You are viewing a plain text version of this content. The canonical link for it is here.

Posted to user@flink.apache.org by Andrea Cisternino <a....@gmail.com> on 2016/06/07 14:35:02 UTC

Reading whole files (from S3)

Hi all,

I am evaluating Apache Flink for processing large sets of Geospatial data.
The use case I am working on will involve reading a certain number of GPX
files stored on Amazon S3.

GPX files are actually XML files and therefore cannot be read on a line by
line basis.
One GPX file will produce one or more Java objects that will contain the
geospatial data we need to process (mostly a list of geographical points).

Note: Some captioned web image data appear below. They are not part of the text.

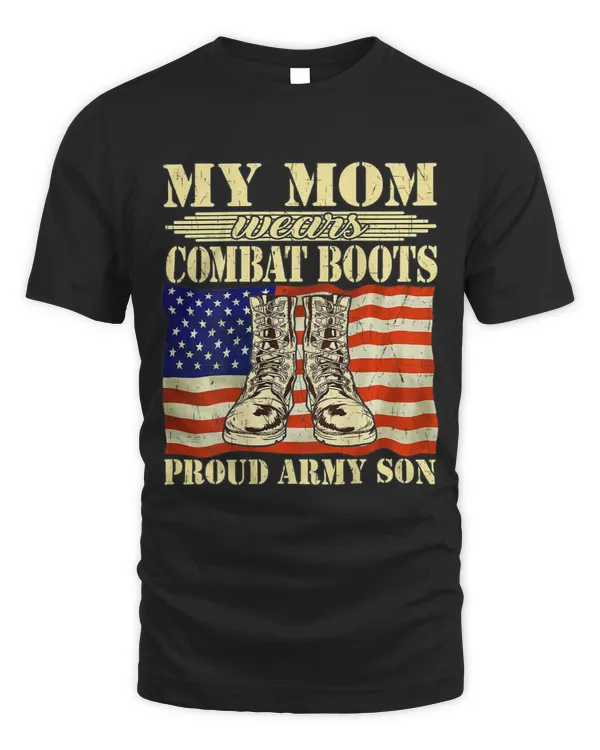 My Mom Wears Combat Boots Proud Army Son Military Child Gift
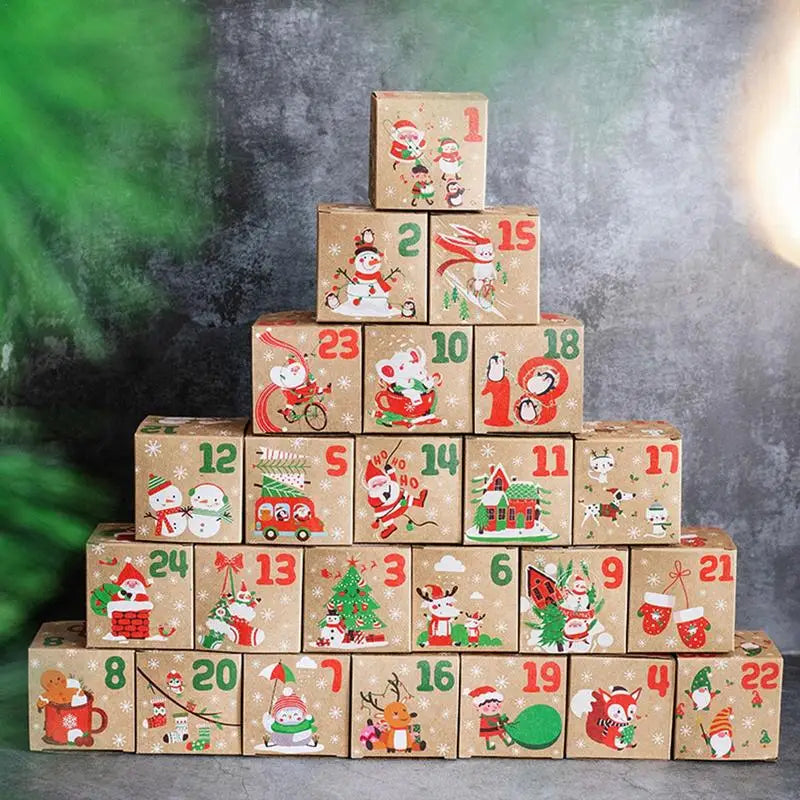 24-tägiger DIY Adventskalender Countdown Weihnachtshausdeko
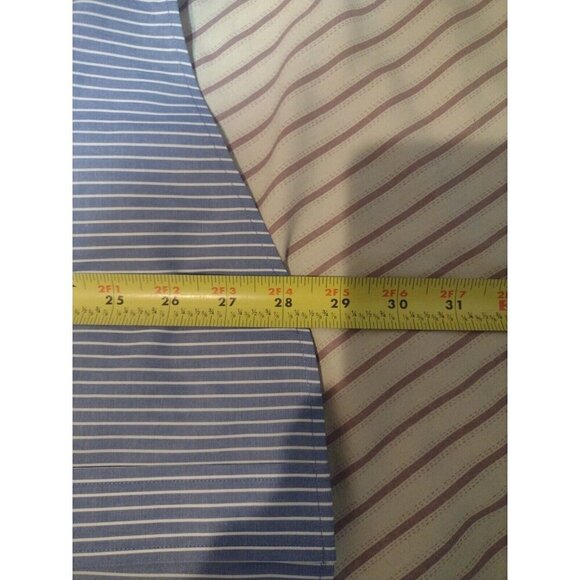 New Cutter & Buck Shirt Men’s Size Small Blue Striped Button Down Long Sleeve - Picture 11 of 11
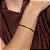 Pulseira de canutilho banho em ouro 18k - Imagem 2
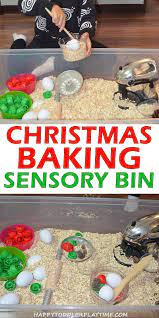 More kitchen activities for kids. Christmas Baking Sensory Bin Happy Toddler Playtime Christmas Activities For Toddlers Sensory Bins Preschool Christmas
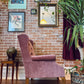 Vintage Pink Velvet Armchair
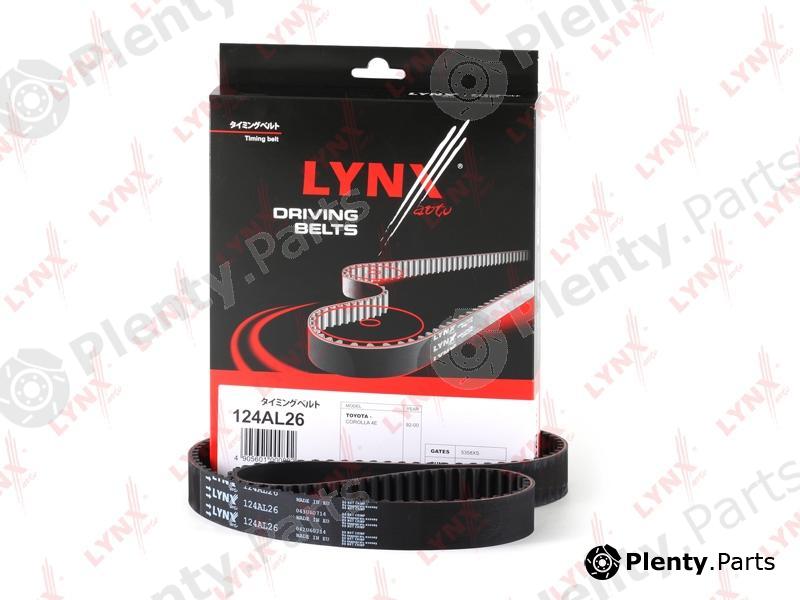  LYNXauto part 124AL26 Timing Belt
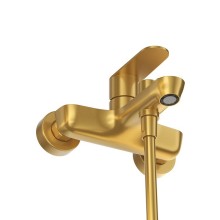 Смеситель для ванны и душа в комплекте с ручным душем, шлангом и держателем CEZARES STYLUS-VD-BORO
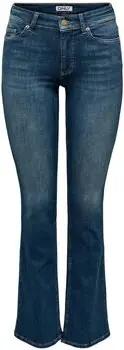 Only  Bootcuts 15353700 BLUSH MID FLARED-DARK BLUE DENIM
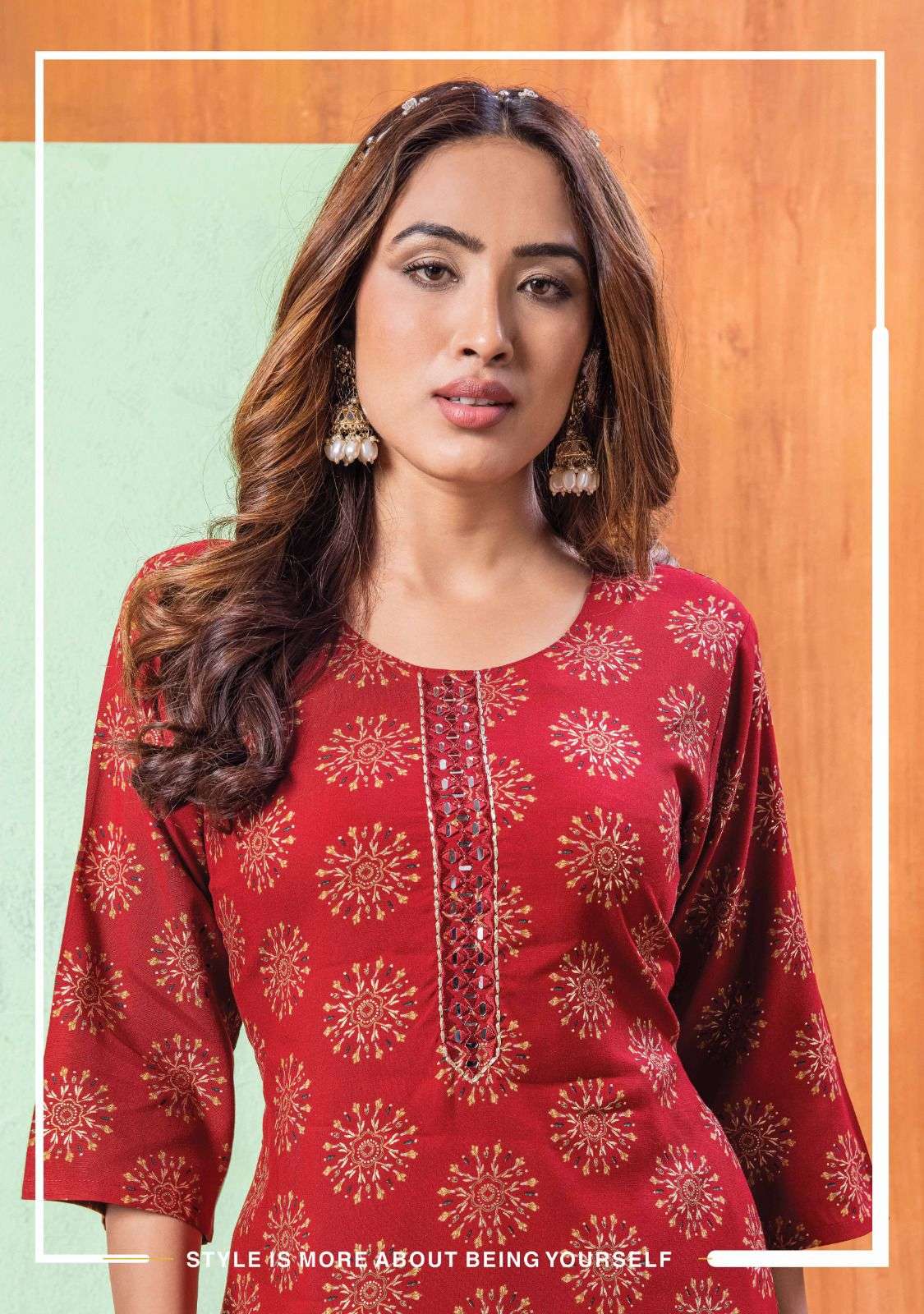 WANNA GEET RAYON Kurti Wholesale catalog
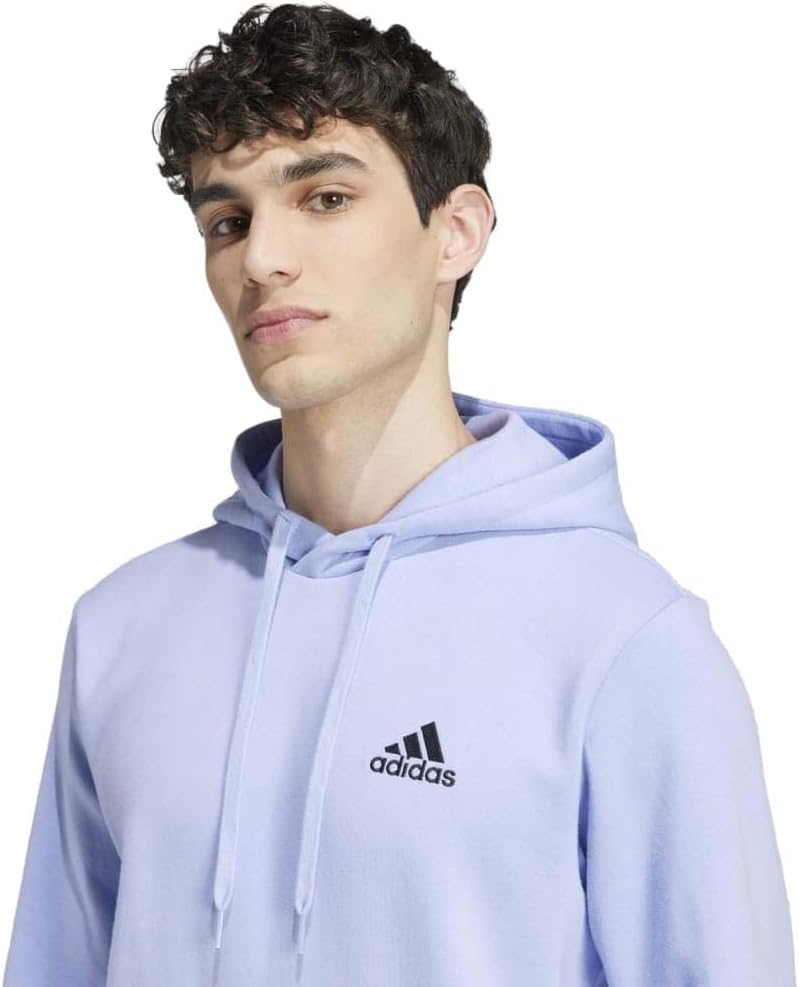 Adidas Mens Essentials Fleece Hoodie Premium Felt Fit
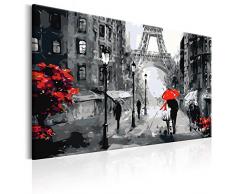 murando - Malen nach Zahlen 2.0 – Bilder romantisches Paris 60x40 cm – Malset mit Holzspannrahmen - DIY - Wandbilder - Für Erwachsene und ambitionierte Kinder ab 12 - Perfekt für Hobbymaler n-A-0225-d-a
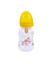 Пляшечка з латексної соскою Baby Team 0+, 125 мл, жовтий (1300) - мініатюра 1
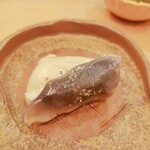 鮨 たかはし - ホッキガイオイル漬け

To cover this use case I tried to extend the FileInputFormat class:

public class WholeFileInputFormat extends FileInputFormat<String>
{
  private boolean hasReachedEnd = false;

  public WholeFileInputFormat() {
    unsplittable = true;
  }

  @Override
  public void open(FileInputSplit fileSplit) throws IOException {
    super.open(fileSplit);
    hasReachedEnd = false;
  }

  @Override
  public String nextRecord(String reuse) throws IOException {
    // uses apache.commons.io.IOUtils
    String fileContent = IOUtils.toString(stream, StandardCharsets.UTF_8);
    hasReachedEnd = true;
    return fileContent;
  }

  @Override
  public boolean reachedEnd() throws IOException {
    return hasReachedEnd;
  }
}

This class returns the content of the whole file as a string.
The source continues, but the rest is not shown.